When the qualified name (e.g. Shape.constructor) exists in the project only in a different file than the caller — because the caller's own file's same-named base class has no explicit definition of that method (e.g. an implicit default constructor) — the walk returns the wrong file's match instead of either continuing up the hierarchy or giving up.

Repro (observed empirically while validating PR for #1929)

Two independent fixture files, each defining an unrelated class named Shape:

hierarchy.ts:

export class Shape {
  area(): number { return 0; }
}
export class Circle extends Shape {
  constructor(private radius: number) { super(); }
  ...
}

super-dispatch.ts (a different, unrelated hierarchy):

export class Shape {
  constructor(public name: string) {}
}
export class Polygon extends Shape {
  constructor(name: string, public sides: number) { super(name); }
}

Building this project produces:

Circle.constructor@hierarchy.ts -> Shape.constructor@super-dispatch.ts       (WRONG — cross-file, unrelated class)
Rectangle.constructor@hierarchy.ts -> Shape.constructor@super-dispatch.ts    (WRONG)
Polygon.constructor@super-dispatch.ts -> Circle.constructor@hierarchy.ts    (WRONG)
Polygon.constructor@super-dispatch.ts -> Rectangle.constructor@hierarchy.ts (WRONG)
Polygon.constructor@super-dispatch.ts -> Ellipse.constructor@hierarchy.ts   (WRONG)

hierarchy.ts's Shape has no explicit constructor (implicit default), so Circle.constructor's bare super() call should resolve to no target (there is no declared Shape.constructor symbol in hierarchy.ts at all) — instead it cross-contaminates with the unrelated Shape class in super-dispatch.ts.

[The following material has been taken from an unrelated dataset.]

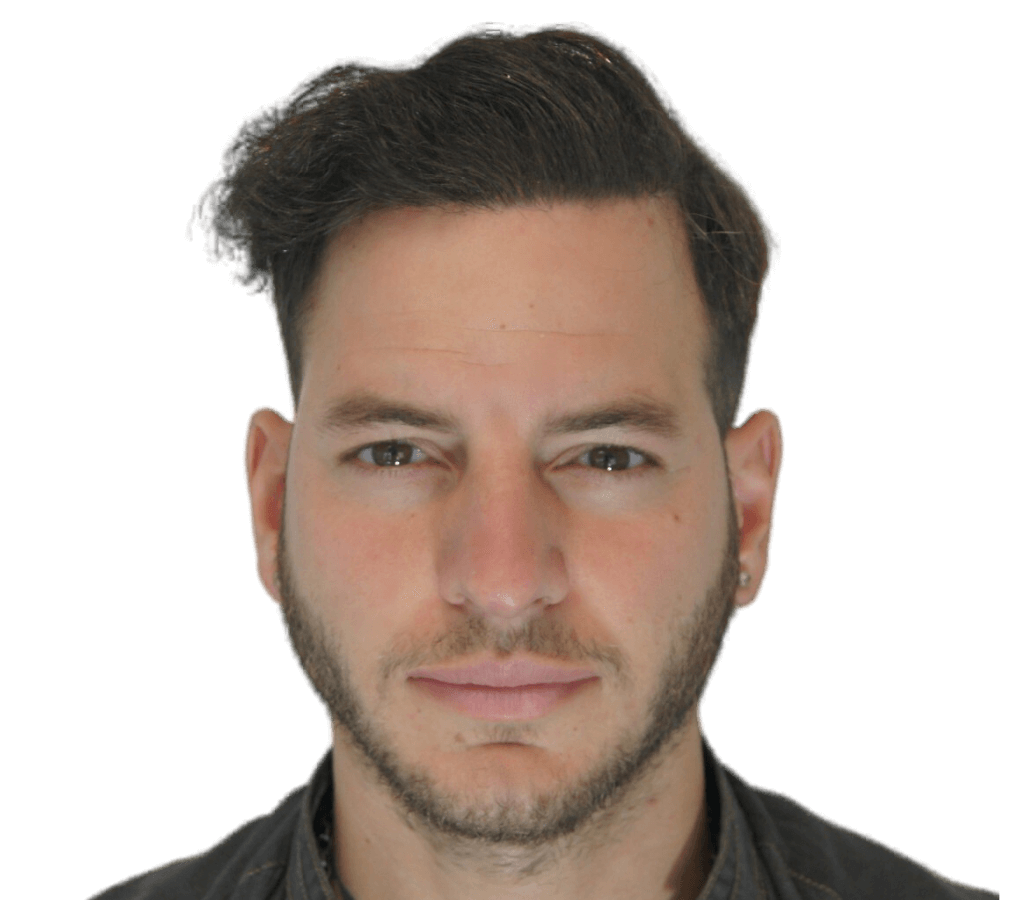 Hair Transplant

This dropped TypeScript resolution-benchmark precision from ~100% to 73.8% in local testing (caught before merging, so the actual fixtures were renamed to avoid the collision rather than shipping the false positives).

Impact

Any project with multiple small classes sharing a common base-class name across different files (e.g. many files defining their own local Base/Shape/Handler class) is at risk of spurious this/super/bare-super(...) call edges pointing to a completely unrelated file, whenever the caller's own same-named ancestor happens not to define the specific method being dispatched.

Suggested fix

When found has no same-file candidate, don't immediately return the global match — either:

  1. Verify the candidate is reachable via the caller's own extends chain (cross-file heritage — legitimate, e.g. importing a base class from another file) before accepting it, or
  2. Continue walking chaCtx.parents past current looking for a resolvable same-file (or heritage-verified) match, only falling back to a global match when the class hierarchy has been fully verified to cross file boundaries via actual import/extends relationships (not just name equality).

This affects the shared TS resolver used by both engines (WASM's own buildCallEdgesJS/buildChaPostPass, and the native engine's runPostNativeThisDispatch post-pass both call into resolveThisDispatch), so a single fix in cha.ts covers both.